Salvador de Bahía y Breda, dos victorias importantes contra los
enemigos holandeses. Quedaba la tercera, la definitiva. En noviembre de
ese año milagroso los holandeses y sus aliados los ingleses quisieron
devolver el golpe atacando a la propia Península Ibérica y, lo más
importante, atrapar el tesoro que venía de América e interrumpir el
comercio con las colonias. Es decir, un ataque a la espina dorsal del
imperio. Si no llegaban el oro y la plata de las minas americanas no
habría paga para los soldados que ganaron en Breda y en Brasil, y lo
ganado ese año se perdería.
El objetivo escogido fue Cádiz. Unos 10.000 soldados enemigos
desembarcaron para tomar la ciudad, pero estuvieron tan mal coordinados y
preparados que fueron repelidos perdiendo a muchos prisioneros y
barcos. Fue la guinda en el pastel del Rey Planeta.

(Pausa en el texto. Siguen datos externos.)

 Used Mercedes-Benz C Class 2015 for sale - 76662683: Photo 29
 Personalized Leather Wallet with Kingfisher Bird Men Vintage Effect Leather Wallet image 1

Tres victorias para la historia
Salvador de Bahía, Breda y Cádiz. Tres batallas victoriosas para el
imperio que rápidamente iban a servir de propaganda para la política del
Conde-duque de Olivares de restaurar la reputación de la Monarquía.
Para ello mandó a tres pintores (Maíno, Velázquez y Zurbarán) que
retrataran las victorias en tres grandes lienzos con el objetivo de
exponerlos en el futuro Salón de Reinos, en el Palacio del Buen Retiro.
Para recordar a los enviados extranjeros con quién estaban tratando.
Todos los cuadros se terminaron y expusieron más o menos al mismo
tiempo, entre 1634 y 1635. Pero para entonces las tornas estaban a punto
de cambiar. Ese año el ambicioso e inteligente valido del rey de
Francia, el cardenal Richelieu, intervino directamente en la política
europea con el objetivo de debilitar y derrotar a los Habsburgo, sus
enemigos mortales, tanto en España como en Alemania en la Guerra de los
Treinta Años. Nuevos escenarios, nuevos enemigos, más gastos.
Así, en 1635 empezó la guerra entre Francia y la Monarquía Hispánica,
un reto que acabó por arruinar y derrotar definitivamente al imperio
que, además, en 1640 vio cómo en Portugal y en Cataluña surgieron dos
sublevaciones contra la política de Olivares de unificar los esfuerzos
de guerra.
En 1625 un muy joven Felipe IV vio cómo su reinado comenzaba con una
serie de victorias importantísimas que encajaban perfectamente en la
nueva ideología imperial que había ideado el Conde-duque de Olivares.
Pero no dejaron de ser victorias efímeras. Al final el imperio resultó
ser demasiado grande y la Monarquía Hispánica demasiado pobre.